(Short descriptive text snippets)
• • • •
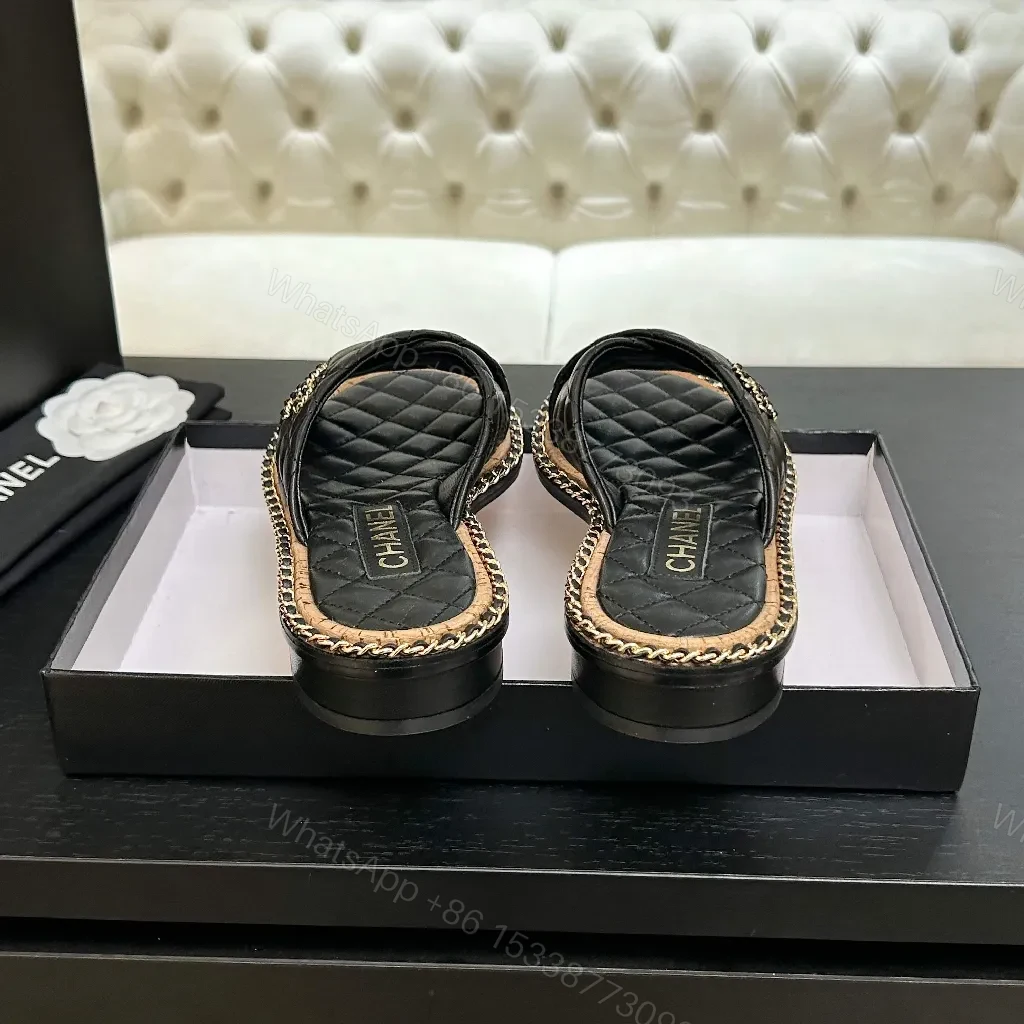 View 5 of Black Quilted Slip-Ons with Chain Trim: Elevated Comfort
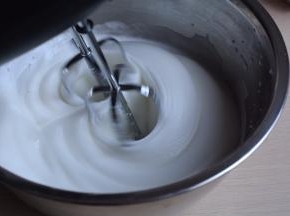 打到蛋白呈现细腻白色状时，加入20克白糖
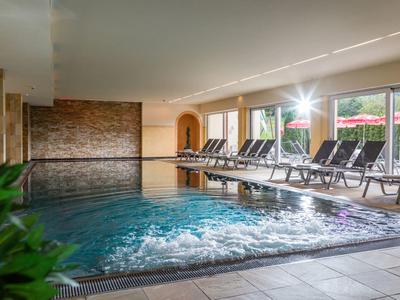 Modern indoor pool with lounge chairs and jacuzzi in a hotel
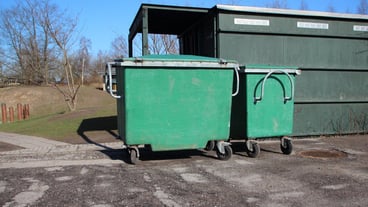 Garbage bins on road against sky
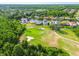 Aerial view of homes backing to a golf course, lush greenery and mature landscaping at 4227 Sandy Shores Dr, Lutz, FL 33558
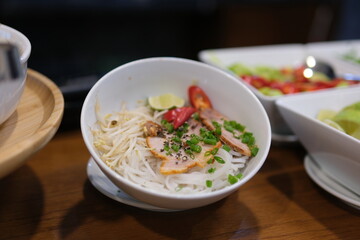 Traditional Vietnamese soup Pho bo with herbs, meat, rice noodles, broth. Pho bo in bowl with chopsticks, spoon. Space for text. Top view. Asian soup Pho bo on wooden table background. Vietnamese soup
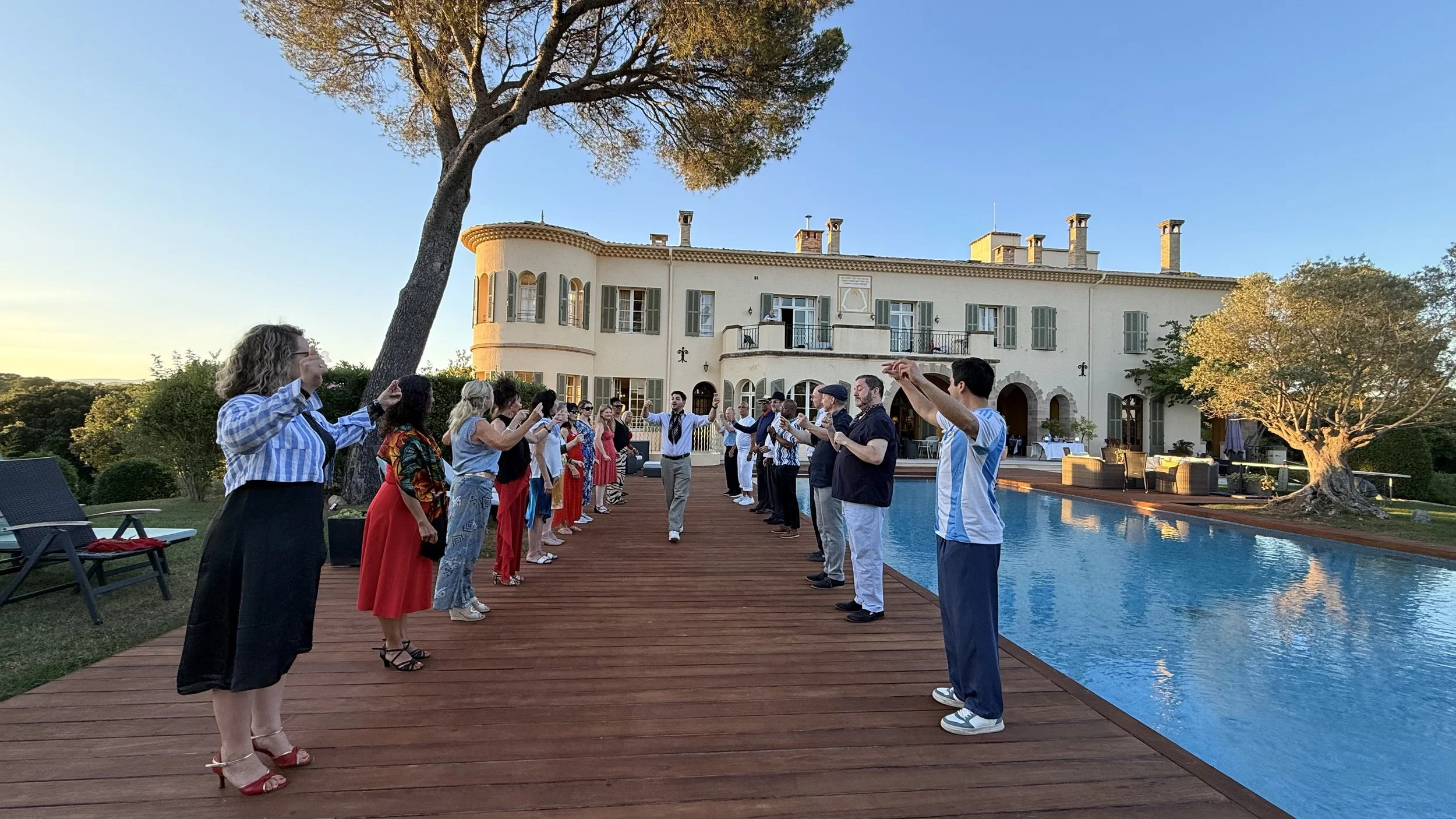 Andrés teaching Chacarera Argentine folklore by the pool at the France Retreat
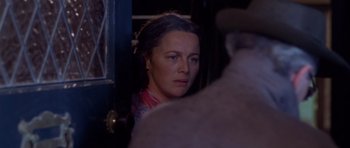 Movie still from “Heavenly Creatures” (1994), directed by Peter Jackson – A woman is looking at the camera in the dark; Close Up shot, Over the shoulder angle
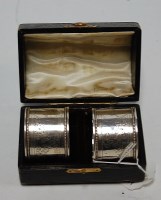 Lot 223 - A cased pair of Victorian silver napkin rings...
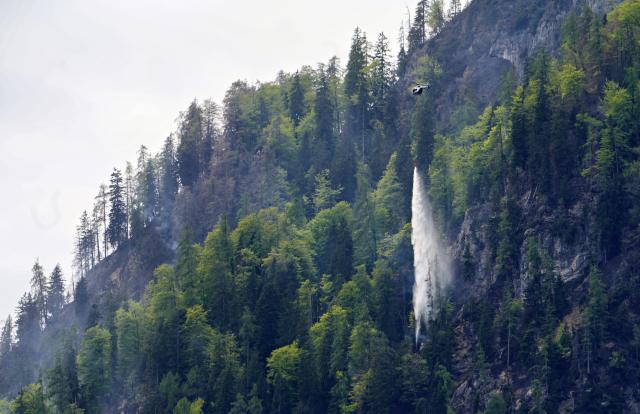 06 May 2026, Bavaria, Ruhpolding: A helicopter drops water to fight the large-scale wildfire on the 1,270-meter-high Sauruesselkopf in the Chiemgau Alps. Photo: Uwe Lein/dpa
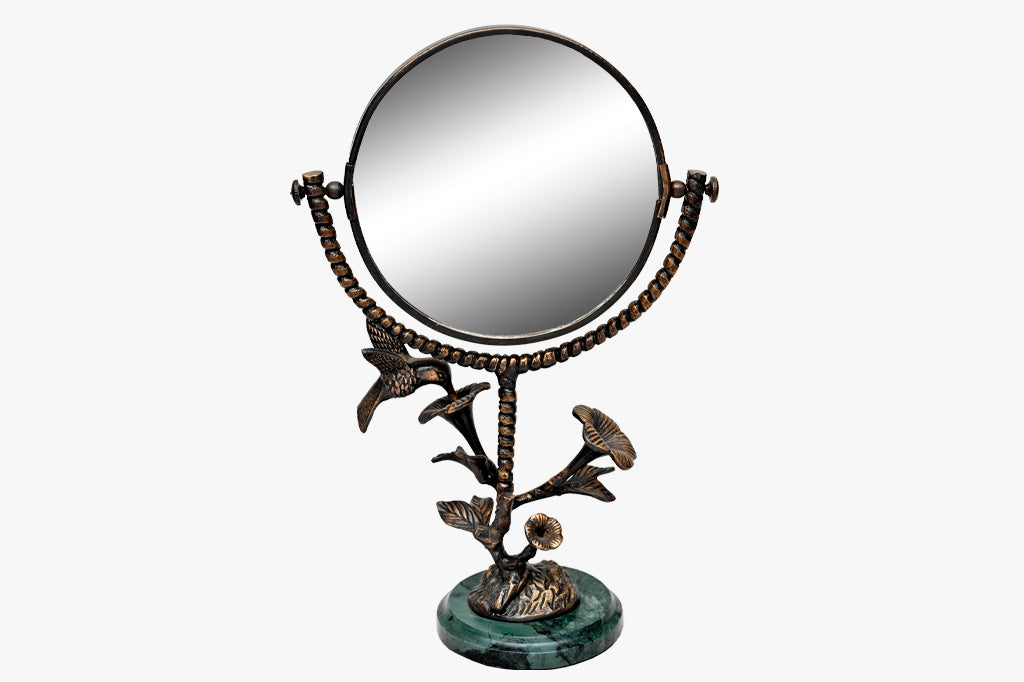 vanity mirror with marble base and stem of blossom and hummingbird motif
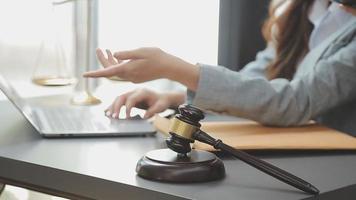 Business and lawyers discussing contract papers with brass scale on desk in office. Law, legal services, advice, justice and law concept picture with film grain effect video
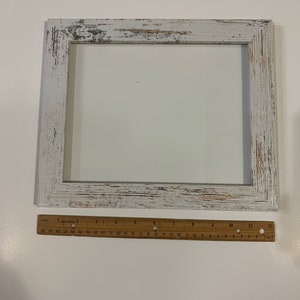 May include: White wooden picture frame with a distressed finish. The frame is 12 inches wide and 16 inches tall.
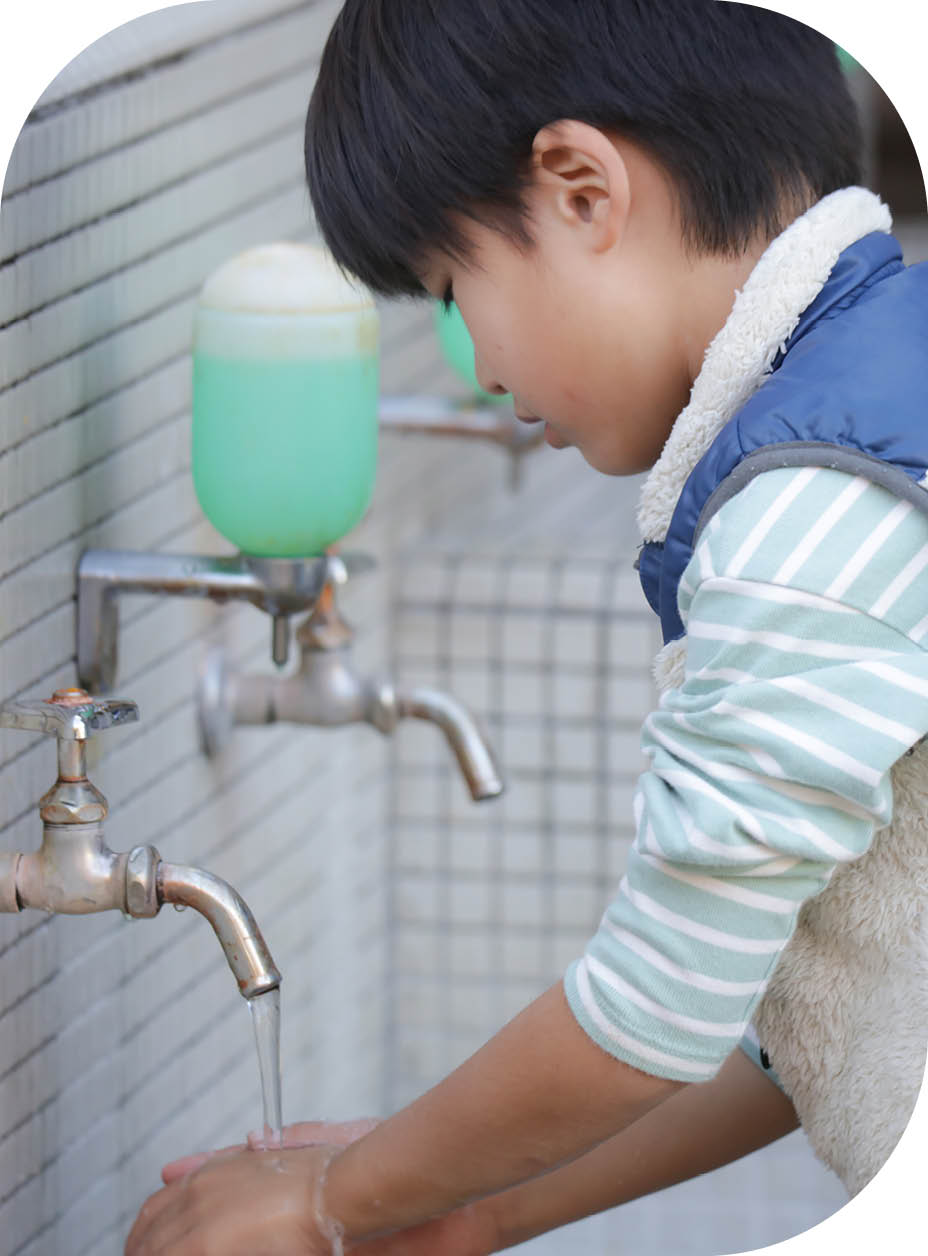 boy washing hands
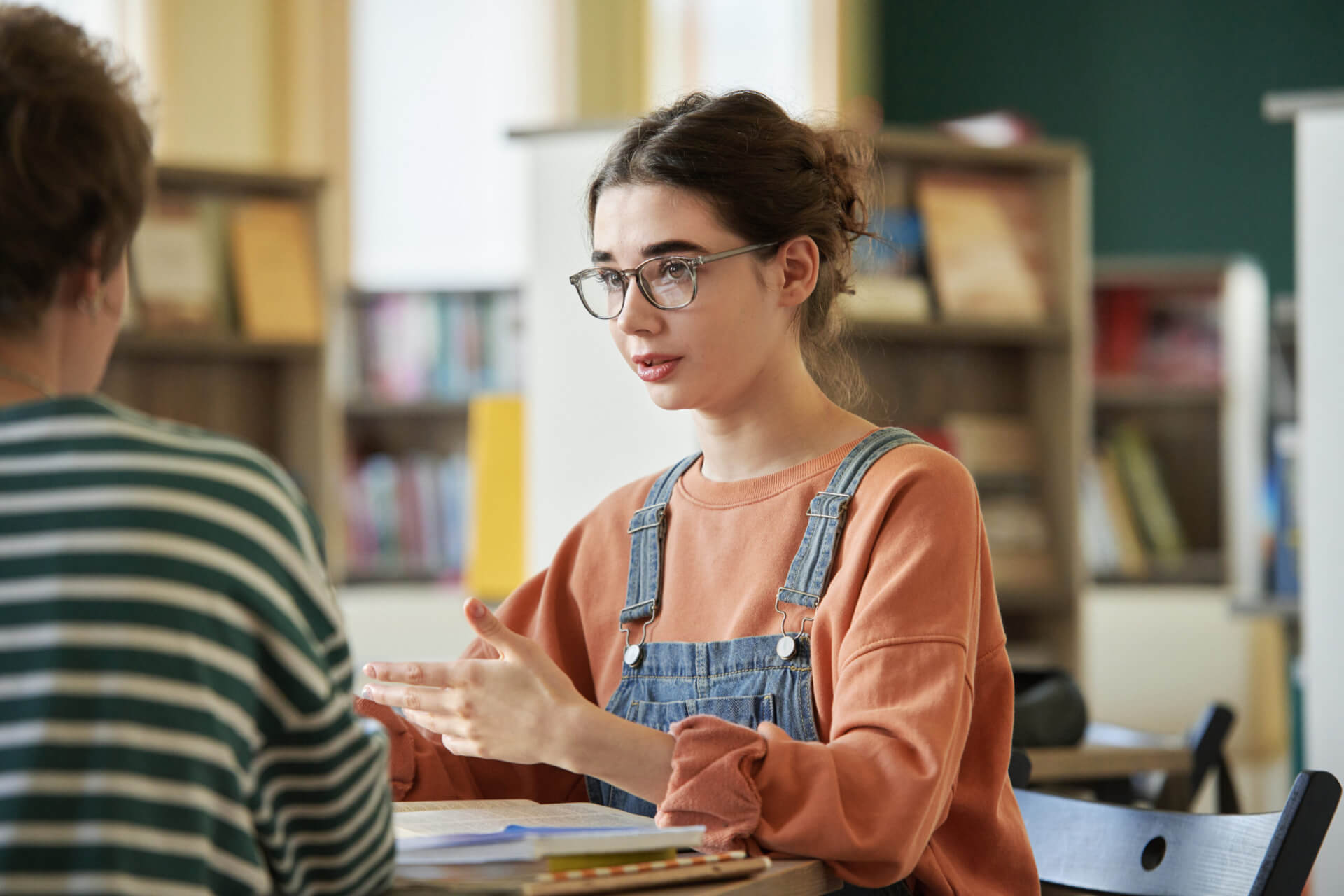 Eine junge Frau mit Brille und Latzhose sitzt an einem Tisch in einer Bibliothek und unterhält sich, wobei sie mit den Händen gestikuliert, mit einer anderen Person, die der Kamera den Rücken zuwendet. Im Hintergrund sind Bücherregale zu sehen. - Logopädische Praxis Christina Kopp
• • • •
▶ _Task requirements_
Output only the lines running from the one containing "May include: White" to the end of the records, inclusive and exact; skip the pictures.

▶ _Answer for this exercise_
 May include: White wooden picture frame with a distressed finish. The frame is 12 inches wide and 16 inches tall.
 boy washing hands
 Eine junge Frau mit Brille und Latzhose sitzt an einem Tisch in einer Bibliothek und unterhält sich, wobei sie mit den Händen gestikuliert, mit einer anderen Person, die der Kamera den Rücken zuwendet. Im Hintergrund sind Bücherregale zu sehen. - Logopädische Praxis Christina Kopp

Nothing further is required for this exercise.